Green poop in newborns and infants is extremely common and usually normal. In the first few days of life, babies pass meconium, a dark green-black stool that’s been accumulating since before birth. As feeding gets established, stool color shifts but can remain greenish for breastfed babies.

One specific cause in breastfed infants is a foremilk/hindmilk imbalance. Breast milk changes composition during a feeding: the earlier milk (foremilk) is thinner and lower in fat, while the later milk (hindmilk) is richer. If a baby gets proportionally more foremilk, the lower fat content causes milk to pass through their digestive system faster than normal. The lactose in that milk doesn’t get fully digested, ends up fermented in the large intestine, and produces green, foamy stools along with excess gas, fussiness, and bloating. This typically resolves by adjusting feeding patterns to ensure the baby drains each breast more completely before switching.

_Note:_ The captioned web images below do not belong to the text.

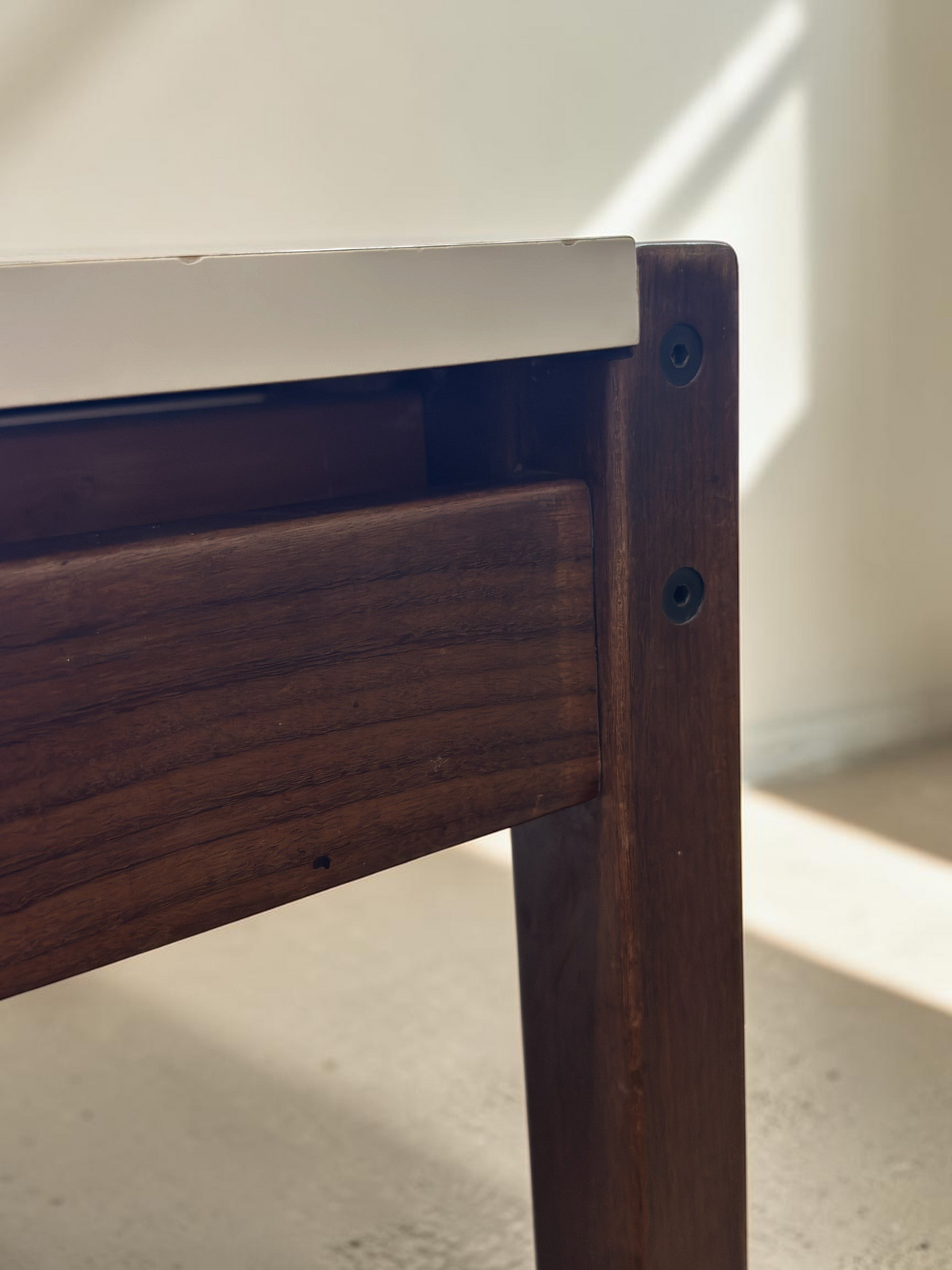 Detail van het wenge houten frame en wit formica blad van de vintage Pastoe TU31 tafel van tessvintage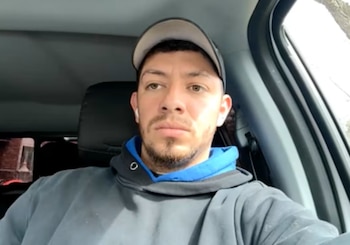Primer plano de Brayan López dentro de un vehículo, mirando al frente con expresión seria, lleva gorra, sudadera gris con azul y un auricular blanco en su oído izquierdo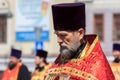 Russian Orthodox priest holding a Bible during a procession on Easter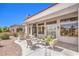 Relaxing covered patio with outdoor seating and built-in grill, great for enjoying outdoor living and entertaining at 3028 Treesdale Dr, Las Vegas, NV 89134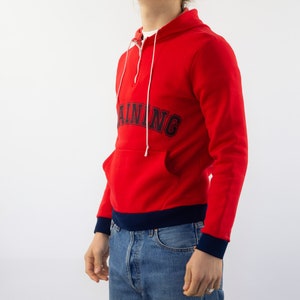 K&ouml;nnte beinhalten: Roter Kapuzenpullover mit einem dunkelblauen "TRAINING"-Logo auf der Vorderseite. Der Pullover hat einen halben Rei&szlig;verschluss und einen dunkelblauen Bund am unteren Rand.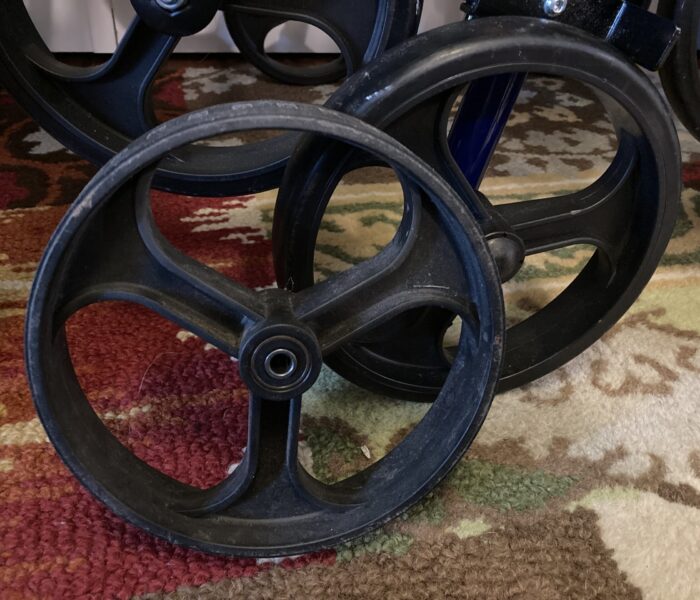 Comparison of a worn out rollator wheel and a new version of the same part.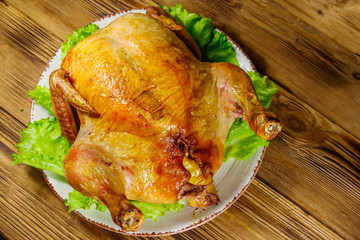 Baked whole chicken on a wooden table. Top view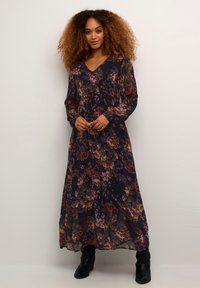 Maxi dress in sheer black fabric with floral patterns in red, pink, and purple. Features a V-neck and long, billowy sleeves. Black ankle boots.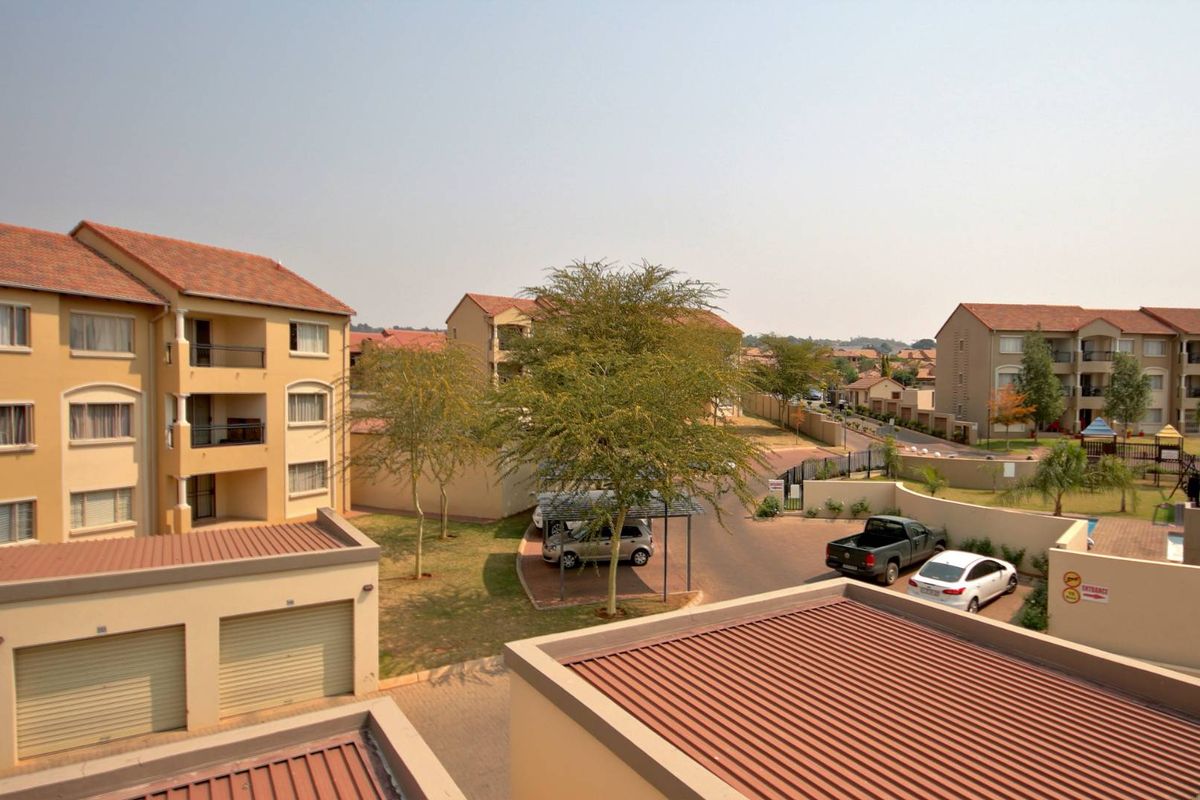 Elevated view of the apartment complex grounds, featuring multiple residential buildings, paved driveways, covered parking areas, and landscaped communal spaces.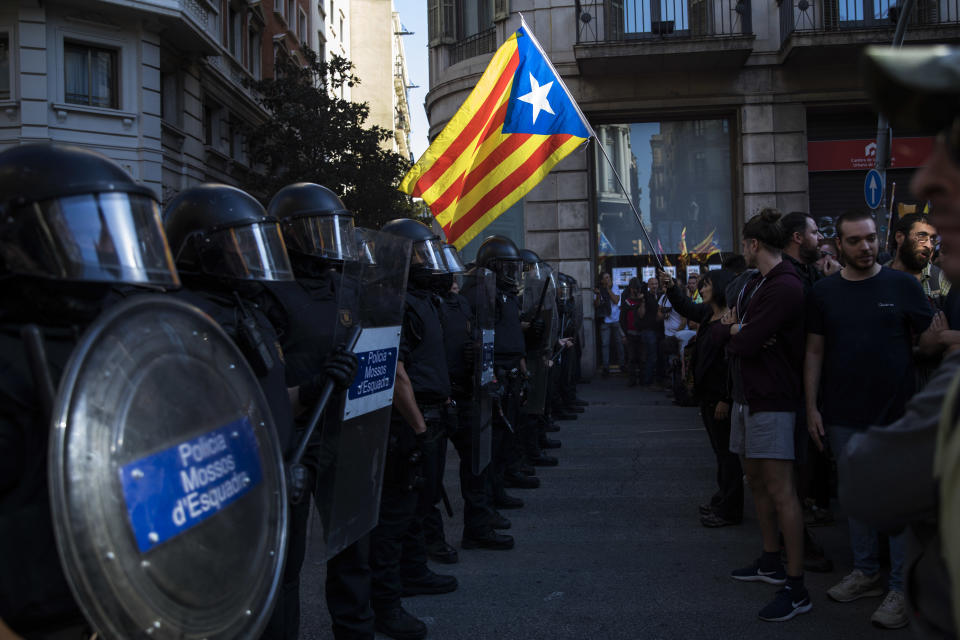 Catalan police officers cordon off the street to stop pro independence demonstrators, on their way to meet demonstrations by members and supporters of National Police and Guardia Civil in Barcelona on Saturday, Sept. 29, 2018. (AP Photo/Emilio Morenatti)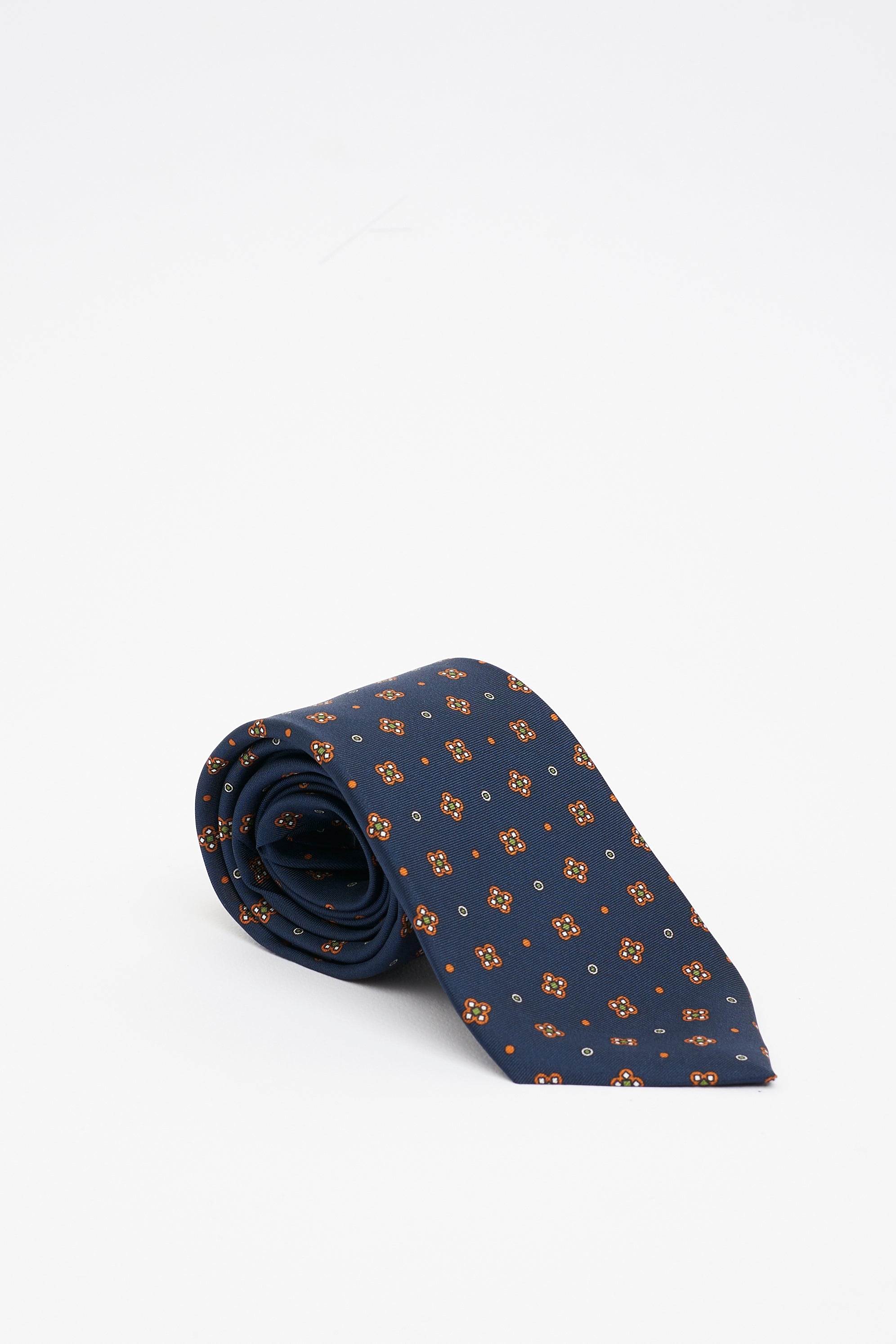 Cravatta in Seta Blu con Motivo a Fiori Geometrici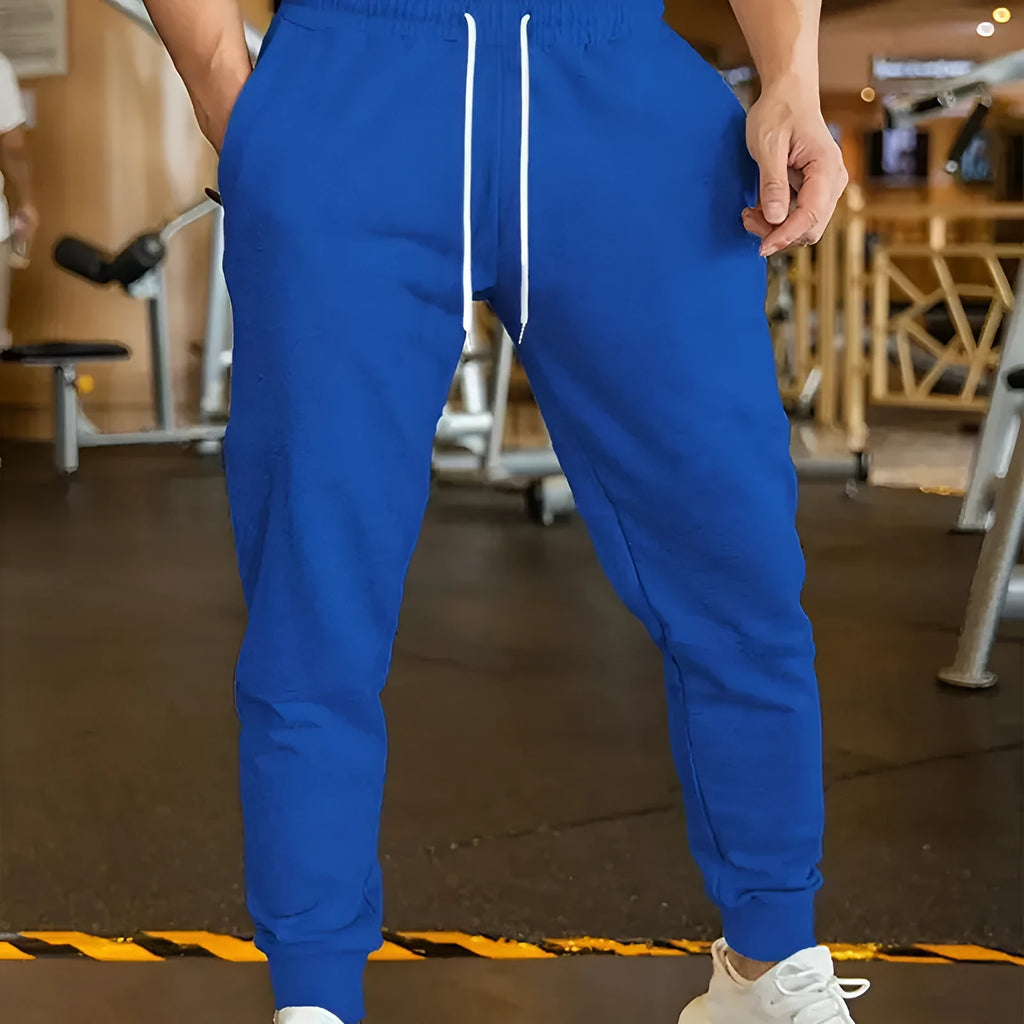 Men's loose-fit linen style leisure trousers with an elastic drawstring waist.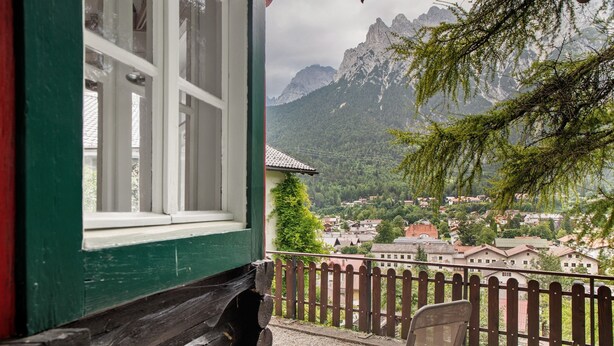 A balcony with a chair, a wooden fence, and a view of a village and mountains. - Holiday Home 'Zaunkönig' with Mountain View and Private Terrace (Mittenwald)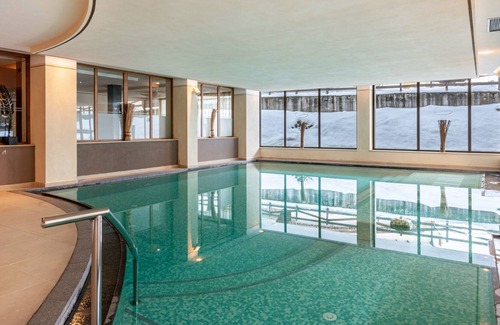 San Giovanni di Fassa Apartamento | "Residence Anda Appartamento 51" with Views of the Dolomite Peaks, Shared Indoor Pool & Jacuzzi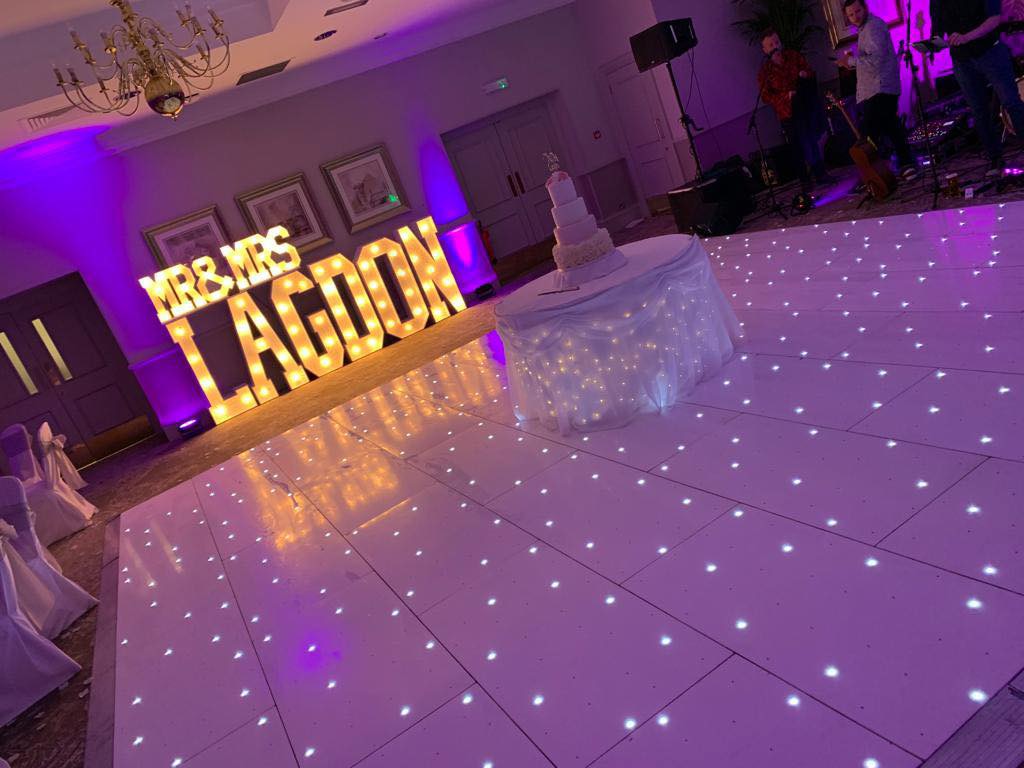 White LED dance floor with large surname letters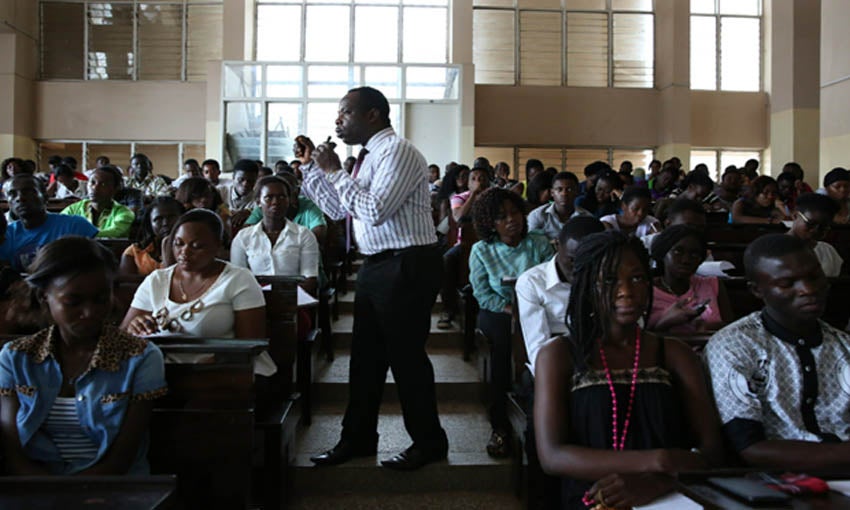 Teacher giving a lecture in class
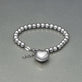 Stone and Strand Sterling Silver Big Hearted Puffed Bracelet Editorial Image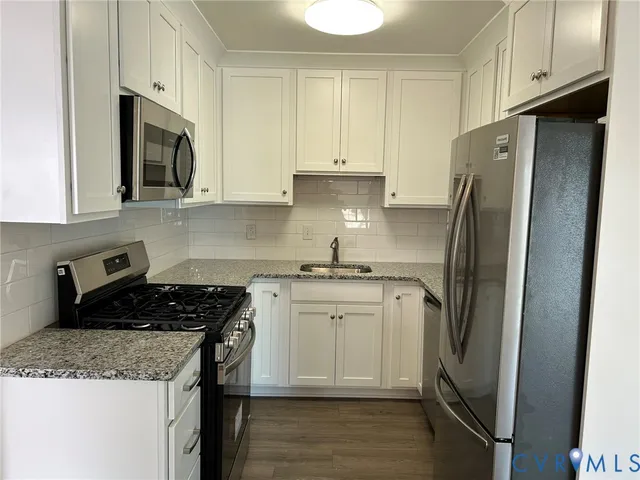 a kitchen with stainless steel appliances granite countertop a refrigerator stove top oven and sink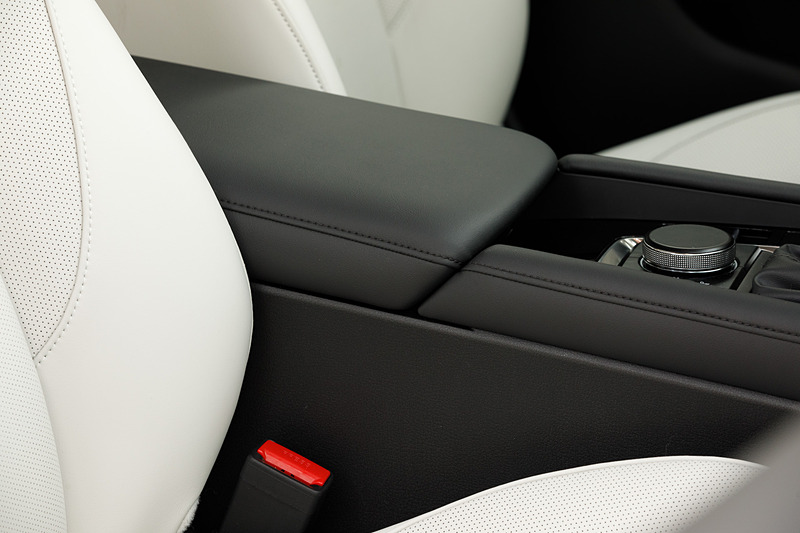 4ドアセダンのインテリア。5ドアハッチバックともどもマツダらしくドライビングポジションにもこだわり、ステアリングのテレスコピック量を前後10mmずつ拡大し、合計で70mmの調整幅を持たせることで体格に応じたドライビングポジション調整の精度を高めた。シフト位置は現行モデルに対してAT/MTともに前方・上方に移動させ、ステアリングからの持ち替えのしやすさとシフト操作のしやすさを向上させたという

Formula-fed babies can also have green stool, particularly with iron-fortified formulas. As with iron supplements in adults, the unabsorbed iron changes stool color and is not a sign of a problem.

When Green Stool Signals a Problem

An occasional green bowel movement after a big salad or a smoothie loaded with spinach is nothing to worry about. The color should return to normal within a day or two once the food clears your system.

Green stool becomes more concerning when it persists for more than a few days without an obvious dietary explanation, or when it comes with diarrhea, fever, abdominal pain, or signs of dehydration like dark urine, dizziness, or dry mouth. Green diarrhea specifically warrants attention because dehydration can develop quickly, particularly in young children and older adults. Persistent changes in stool color alongside unintended weight loss or blood in the stool also warrant evaluation, as these patterns can point toward malabsorption issues or inflammatory conditions affecting the gut.